Beignets, Calas, and Fritters - Breakfast in New Orleans

Calas

The Spruce / Diana Rattray

If you've been to New Orleans, you've likely enjoyed beignets and cafe au lait at Café du Monde. Beignets are those awesome warm, soft pillows of fried dough sprinkled liberally with powdered sugar.

difference between beignets and calas
Illustration: Emily Mendoza. © The Spruce, 2019

Beignets

The "Picayune Creole Cookbook" credits the early French colonists for bringing the delicious tradition of beignets to New Orleans. The cookbook tells a story of how the early Creole cooks responded to hungry children "...handing a beautiful golden beignet, piled with snowy sugar, to the expectant little ones." Their version of beignets is simply a plain baking powder batter to be used as the basis for fruit-filled fritters.

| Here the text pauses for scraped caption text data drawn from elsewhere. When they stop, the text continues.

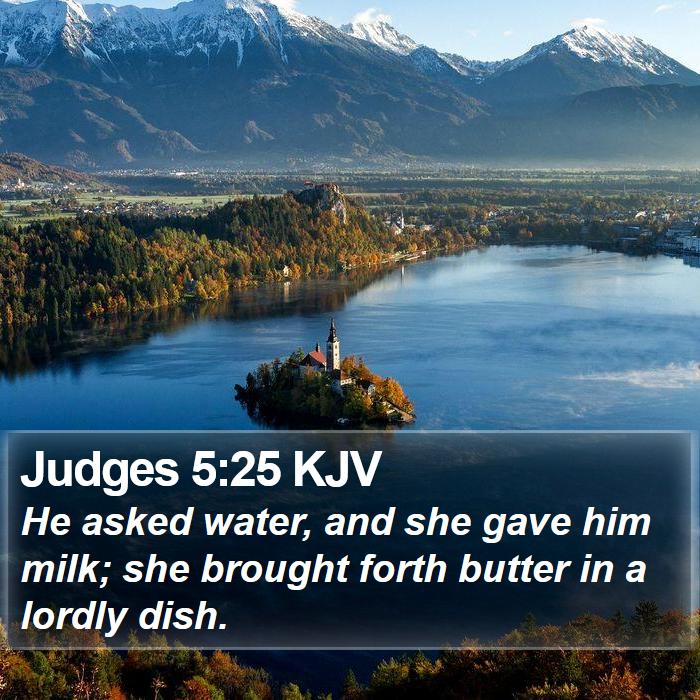 Judges 5:25 KJV Bible Study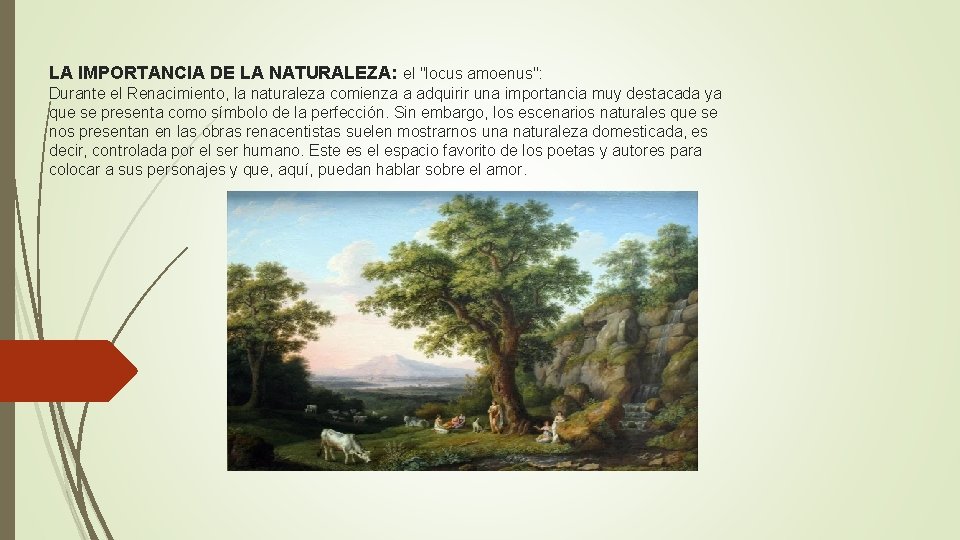 LA IMPORTANCIA DE LA NATURALEZA: el "locus amoenus": Durante el Renacimiento, la naturaleza comienza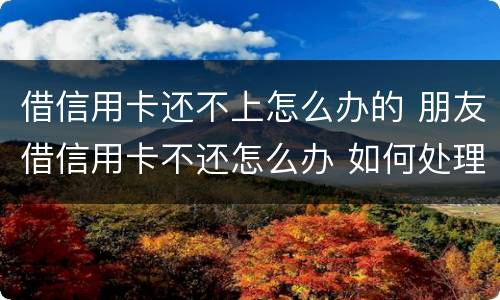 借信用卡还不上怎么办的 朋友借信用卡不还怎么办 如何处理
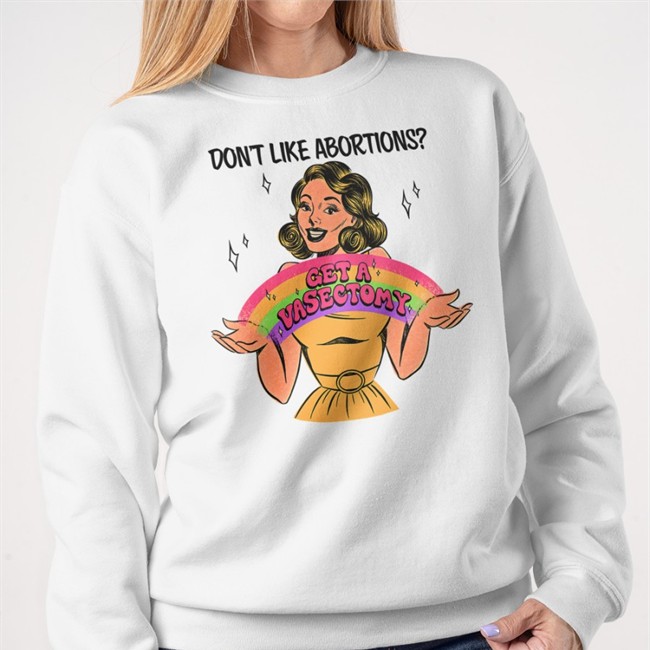 Tragic Girls Merch Get A Vasectomy Long Sleeve T Shirt Don't Like Abortion Don't Like Abortion Get A Vasectomy T Shirt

You don't have to go to New Orleans to enjoy these wonderful French market doughnuts. Beignets are traditionally made with a sweetened yeast dough, deep-fried to soft pillowy perfection. Terri contributed an interesting and tasty shortcut version made with canned refrigerated biscuits. Whether you choose to make the homemade yeast version or the quick and easy beignets, you won't be disappointed. Sprinkle them with plenty of powdered sugar, provide a few napkins, and enjoy!

Calas

Calas are not as well known as the beignet. They are another New Orleans fried dough tradition harkening back to the turn of the last century. Calas are fried breakfast fritters made with cooked rice, flour, sugar, and spices. According to "The Dictionary of American Food & Drink," the word Calas was first printed in 1880. The word purportedly comes from one or more African languages, such as the Nupe word kárá, or "fried cake." 

Street vendors with baskets perched on their heads were once a common sight in New Orleans' French Quarter. They sold the fresh hot calas with the familiar cry, "Calas, belles, calas tout chauds!"

Calas can be made with a yeast dough or a basic baking powder dough, much like doughnuts. The cooked rice gives them a unique, pleasant texture. If you want less texture, cook the rice until it's soft.